Colour: Dark purple brown with vertical blue lines on sides, and blue dots above and below. A broad irregular deep violet band extending forward from the eye. Colour can change dramatically with mood.

Habitat and Biology: Found in a variety of reef habitats, but most often seen in outer reef areas in open water near drop-offs at depths up to 50 m. Feeds on midwater zooplankton.

Distribution: Indo-Pacific.

Remarks: Naso vlamingii is a very common inhabitant of Maldivian reefs. Although it feeds on zooplankton, it readily takes bread from divers and snorkellers. Often plays in divers’ bubbles.

–  –  –

Distinctive Characters: Dorsal fin with 9 spines and 19-20 rays. Anal fin with 3 spines and 18-19 rays.

Pectoral rays 16. Pelvic fins with 1 spine and 3 rays. Body depth of adults about 2.3 in standard length;

caudal spine about 4.0 in head length. Caudal fin of juveniles slightly rounded; of adults truncate with lobe tips slightly projecting.

Colour: Body bright blue. Tail yellow, and black markings on sides.

Habitat and Biology: Typically found on the reef edge in clear outer reefs or channels where there is substantial current. Feeds on zooplankton. Groups of small individuals are usually associated with heads of branching corals.

Distribution: Indo-Pacific.

Remarks: Paracanthurus heparus is one of the most beautiful of all reef fishes. It is not common in the Maldives. Being a rare but beautiful species, it is advised not to catch it.

–  –  –

Distinctive Characters: Dorsal fin with 4 spines and 27-31 rays. Anal fin with 3 spines and 22-24 rays.

Pectoral rays 15-17. Body depth 1.8-2.0 in standard length. Dorsal and anal fins strongly elevated. No bristles on anterior to caudal spine.

Colour: A pattern of dark bars, the two most prominent on head (obscure on dark fish), yellow vertical lines on upper body, breaking into spots below, and small whitish spots on head and chest. Juveniles with yellow and white bars except for black ones posteriorly and two on head.

Habitat and Biology: Occurs in coral reefs and rocky bottoms, generally in depths of less than 20 m. Often seen in pairs roaming on reefs and lagoons. Feeds on benthic algae.

Distribution: Indian Ocean.

Remarks: Zehrasoma desjardinii is unique to Indian Ocean. This species is very closely related to Z. veliferum of the Pacific. Some authors consider both as the same species. Of interest to aquarists.

–  –  –

Distinctive Characters: Dorsal fin with 4-5 spines and 23-25 rays. Anal fin with 3 spines and 19-2 1 rays.

Pectoral rays 14-17. Body depth 1.5-1.7 in standard length. Dorsal and anal fins elevated. Adults with an oval patch of brush-like setae posteriorly on side of the body.

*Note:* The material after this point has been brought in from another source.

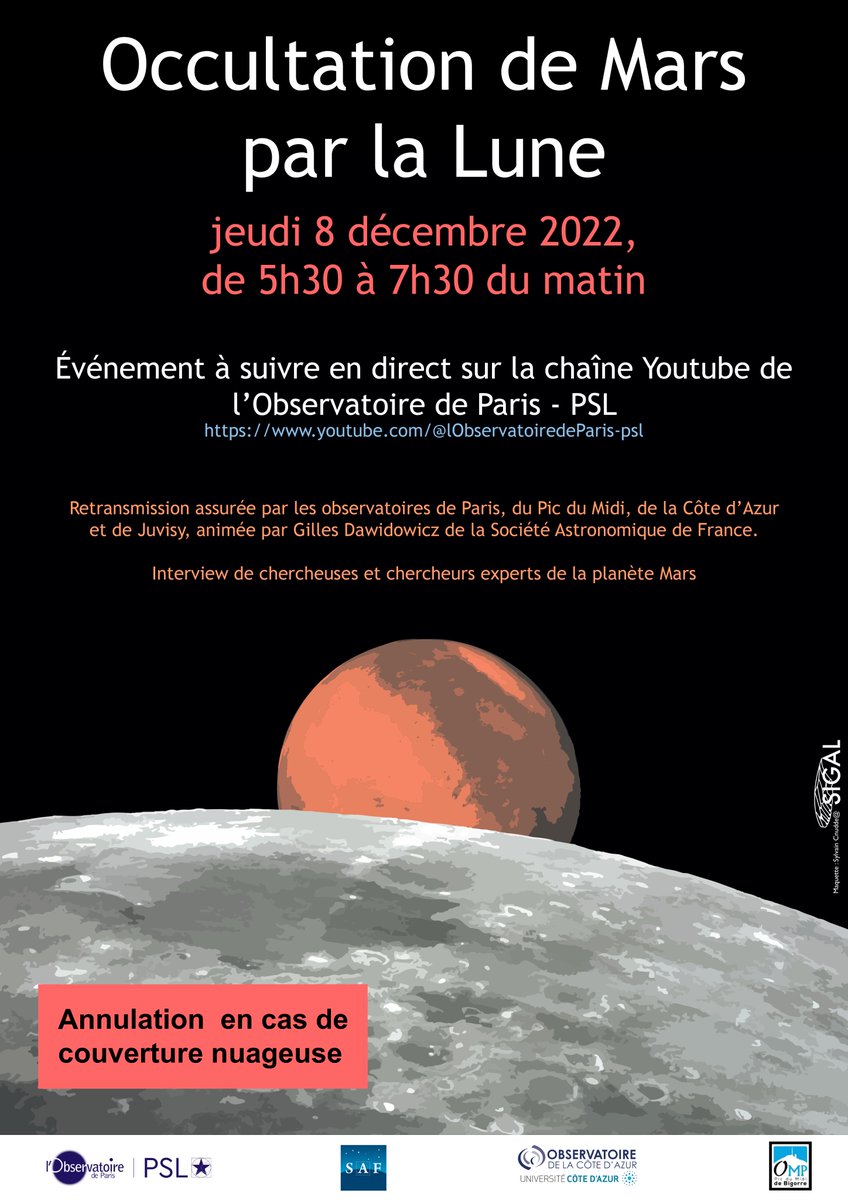 ObsMip's tweet photo. Retransmission en direct de l’occultation de #Mars par la #Lune le 8 décembre 2022 de 5H30 à 7H30.
Images depuis Meudon, Juvisy-sur-Orge, Nice, Pic du Midi de Bigorre et Arras, pour plus de chances d’observation avec une météo prévue défavorable.
➡️ https://t.co/MgpPK3lzHq https://t.co/yMx4YjuIQP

Colour: Dark olive brown with very fine longitudinal wavy pale lines breaking into dots on nape, chest and head. Sheath of caudal spine white.

Habitat and Biology: A common reef species occurring more on protected than exposed reefs at depths up to 20 m. Occurs singly or in small groups. Feeds on benthic algae.

Distribution: Indo-Pacific.

Remarks: Zehrasoma scopas is one of the commonest of Maldivian reef fishes, but it is easily overlooked because of its rather sombre colouration. Of little interest to aquarists.